2010年5月19日水曜日

多様性豊かな縄文時代

  ◆平和な平等社会

 話は三内丸山に帰ります。同遺跡では成人の墓約100基、小児用の墓約880基が見つかっています。集落のそばにきちんとと配列されたこれらの墓地は、全く大小の区別なく、副葬品もみな同じでした。ここから縄文社会が階級差のあまりない、基本的には平等主義の共同体社会であったといえます。巨大な建物も、王や貴族の家ではなく、宗教的儀礼や共同の作業場、食料貯蔵庫など社会全体の持ち物だったと推定されてます。

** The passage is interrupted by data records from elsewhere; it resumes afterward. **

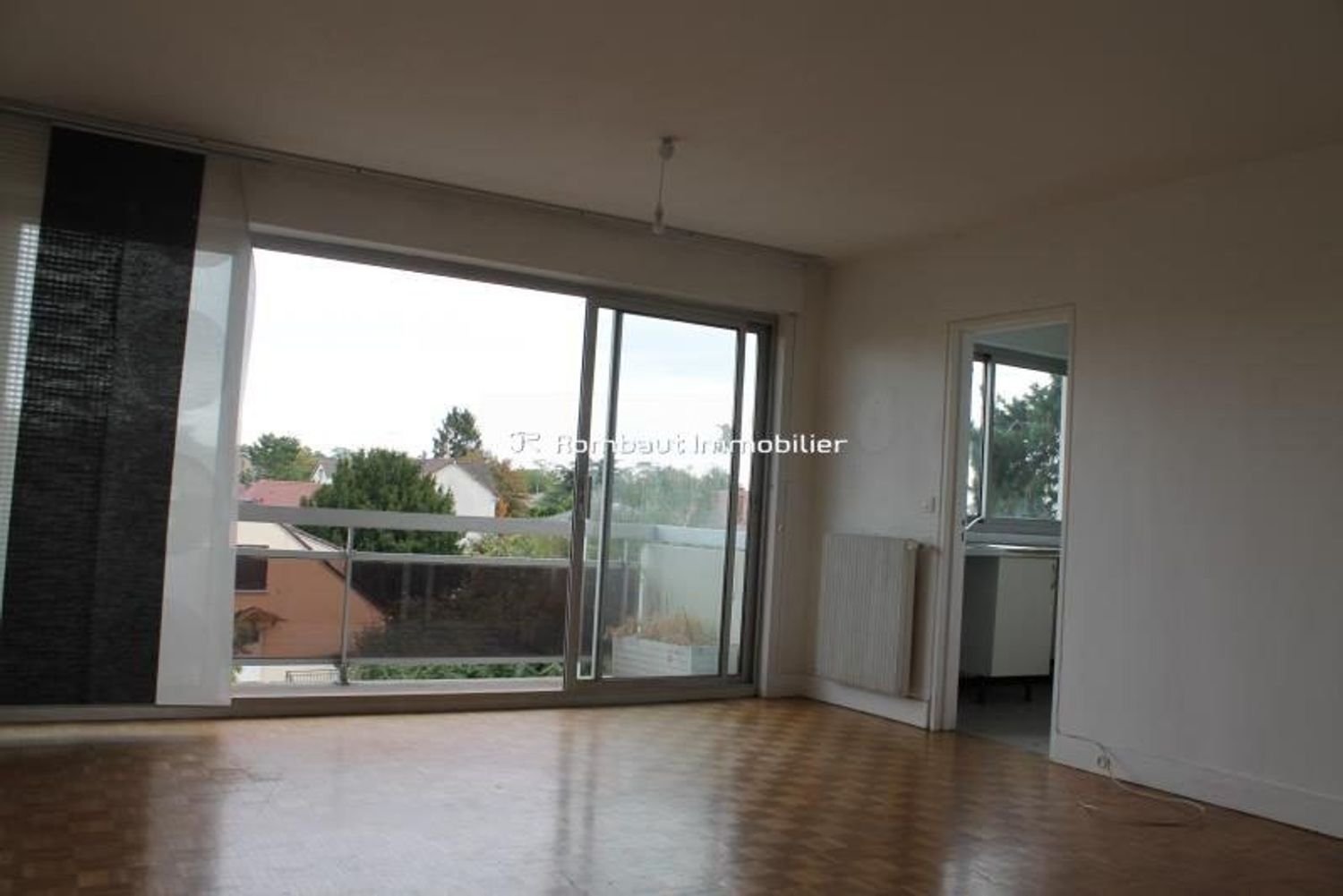 Appartement à vendre, 56m², Le Pecq
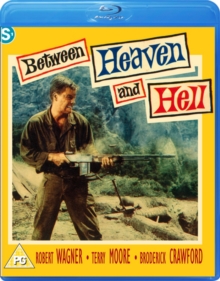 Between Heaven and Hell, Blu-ray BluRay Between Heaven and Hell, Blu-ray BluRay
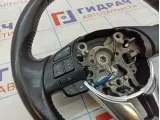 Рулевое колесо Mazda Mazda 3 (BM) BHP2-32-982A-02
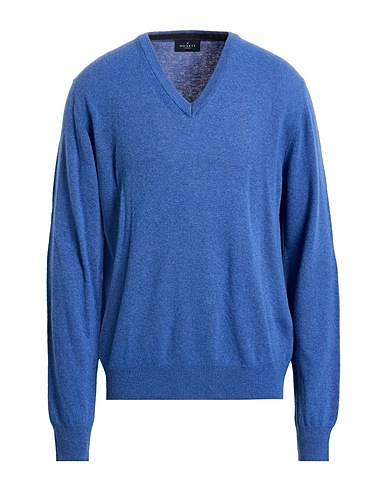 HACKETT Pullover Avio 40% Lana Merino, 30% Viscosa, 20% Poliammide, 10% Cachemire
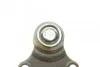 Опора кульова (передня/знизу) Citroen Berlingo/Peugeot Partner 96- (d=16mm) (+PS) UA63 ASMETAL 10CT0200 (фото 2)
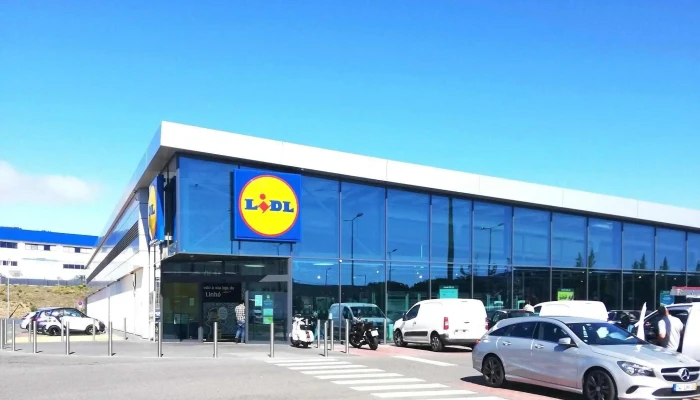 Lidl Sintra Linho Horario - Sintra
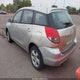 2T1LR38E03C089504 2003 Toyota Matrix Xr auction photo thumbnail 3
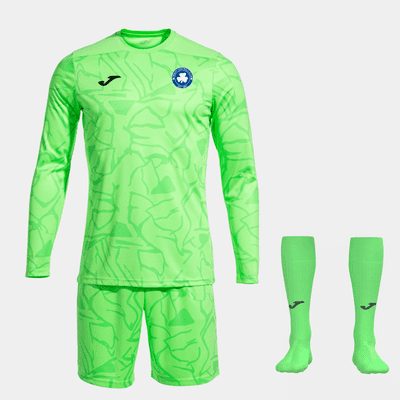 Trinity 2024 Home Goalkeeper Kit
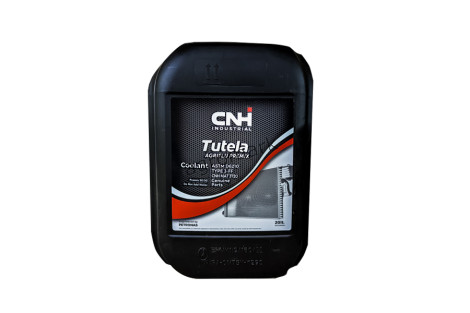 Płyn chłodniczy TUTELA AGRIFLU PREMIX (NIE koncentrat) / 20L (poprzednio akcela antifreeze)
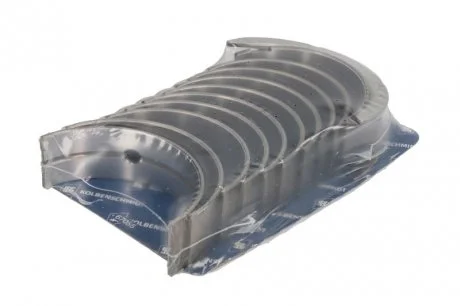 Фото 1 - вкладиші колінчастого валу (0,25, комплект, корінні підшипники) IVECO DAILY III, DAILY IV, DAILY V, DAILY VI, MASSIF, CITROEN JUMPER II, FIAT DUCATO, PEUGEOT BOXER 3.0CNG/3.0D 07.99- KOLBENSCHMIDT 37 130 610 Вкладиші колінчастого валу (0,25, комплект, корінні підшипники) IVECO DAILY III, DAILY IV, DAILY V, DAILY VI, MASSIF, CITROEN JUMPER II, FIAT DUCATO, PEUGEOT BOXER 3.0CNG/3.0D 07.99- KOLBENSCHMIDT 37 130 610 (фото 1)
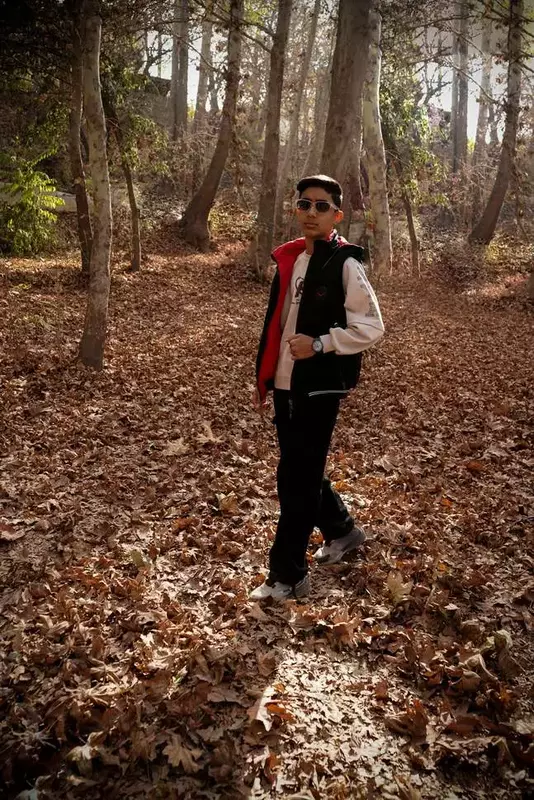 عکاسی خانوادگی از مریم رشیدیان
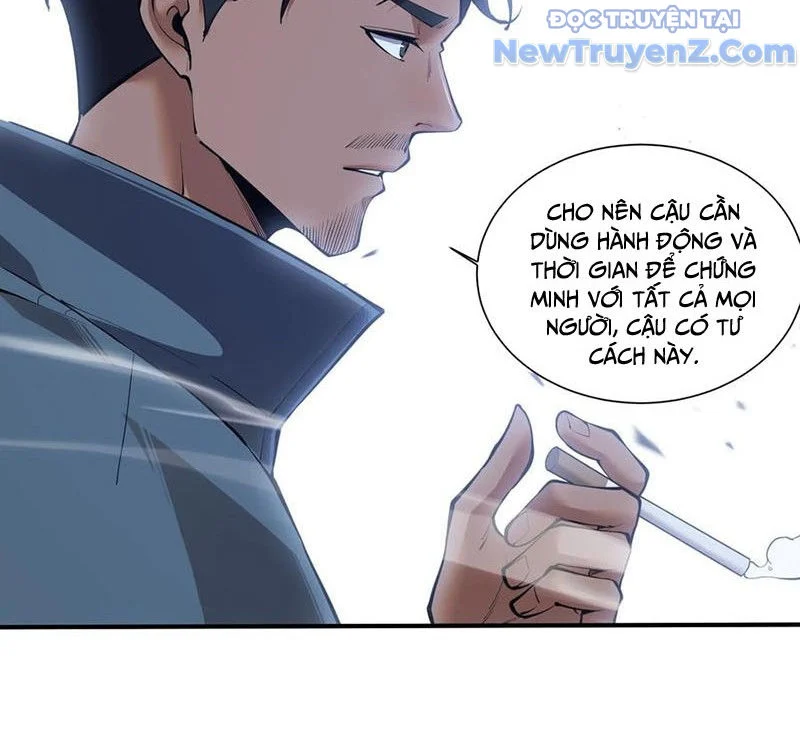 Ta Học Trảm Thần Trong Bệnh Viện Tâm Thần Chapter 227 - Trang 3
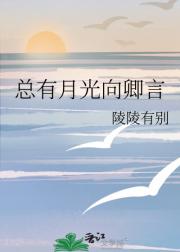 总有月光向卿言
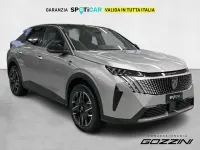 Nuova Peugeot 3008 GTi 145 CV (106 kW) 2026 Grigio artense SUV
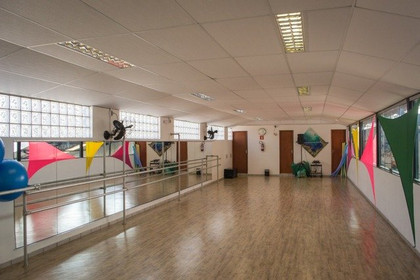 Imagem 4 da galeria do parceiro Academia Batalha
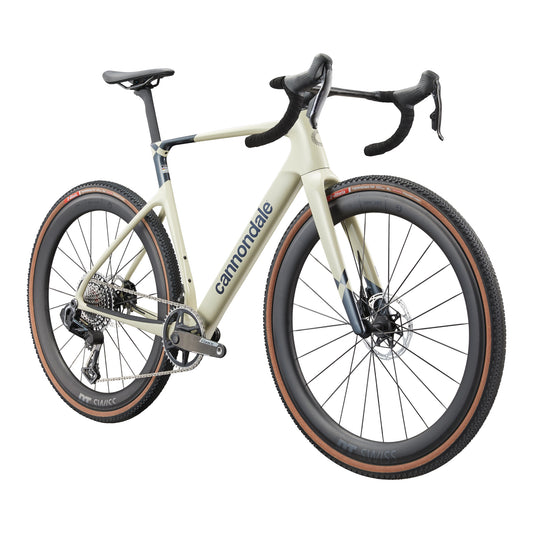 2026 Cannondale SuperX 1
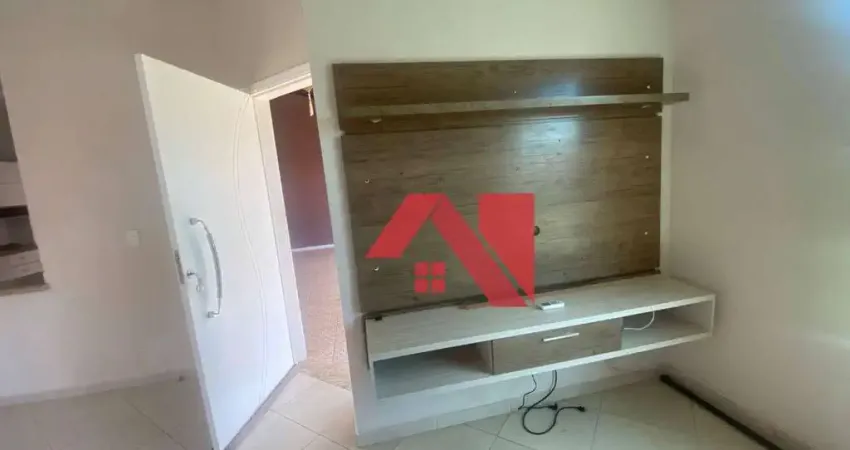 Casa com 2 dormitórios para alugar, 125 m² por R$ 3.870/mês - Jardim Santa Mônica II - Mogi Guaçu/SP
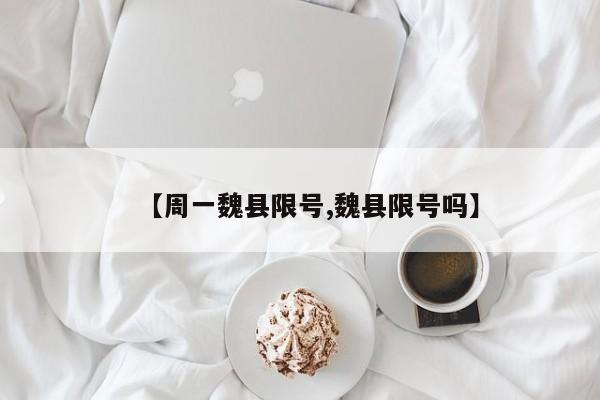 【周一魏县限号,魏县限号吗】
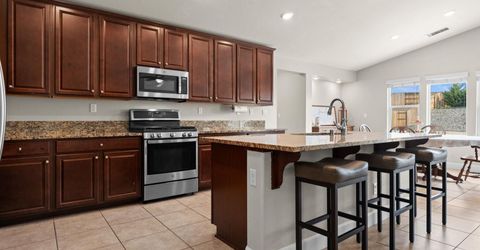 918 Garden Pond Way, Spanish Springs, NV 89441 Photo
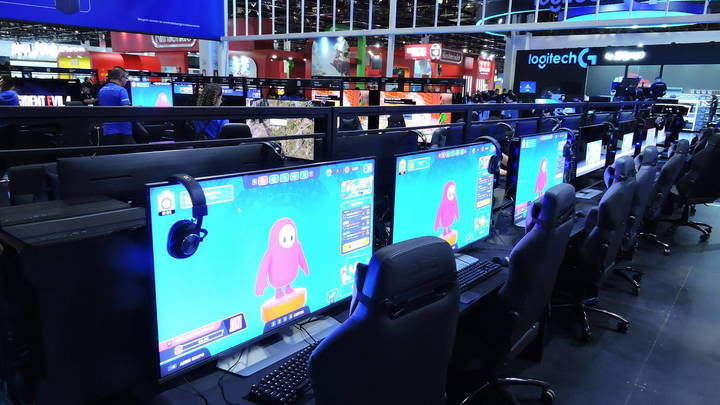 Искандер стал сколопендрой: Русское супероружие записали в герои новой видеоигры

さらに、縄文時代には、狩用の鏃(やじり)はあっても槍、刀など人殺しの武器は出土していません。縄文時代は戦争のない平和な平等社会であったのです。どういうことかと言うと、縄文時代というのは多様性が特徴です。食料にしても何か単一のものに縛られていません。三内丸山では栗を栽培していたけど、ヒエ、アワ、ドングリ、イノシシ、鹿、カモシカ、ウサギ、ムササビ、サケ、 ニシン、イワシ、アジなどがが、主食や副食として利用されていました。出土しませんが当然、山菜や野菜、キノコ類もふんだんに食べられていたはずです。弥生の米みたいに栗だけに縛られていたわけではなかったのです。この多様性がアワがだめならイノシシ、イノシシがなければサケ、と逃げ道を作り、人々が争うことを避けえたのです。

 三内丸山遺跡が充実期を迎えた今から5千年前、同じ時期のメソポタミアやエジプトでは、すでに王が出現し、人民を搾取して、王宮,城砦など巨大な建物を造って富めるものと貧しいものが生まれていました。階級社会が誕生していたのです。周辺国と土地や富をめぐって戦争が絶えませんでした。日本の縄文文化とは著しい対照となっています。あなたはどちらが好ましい、とお考えですか。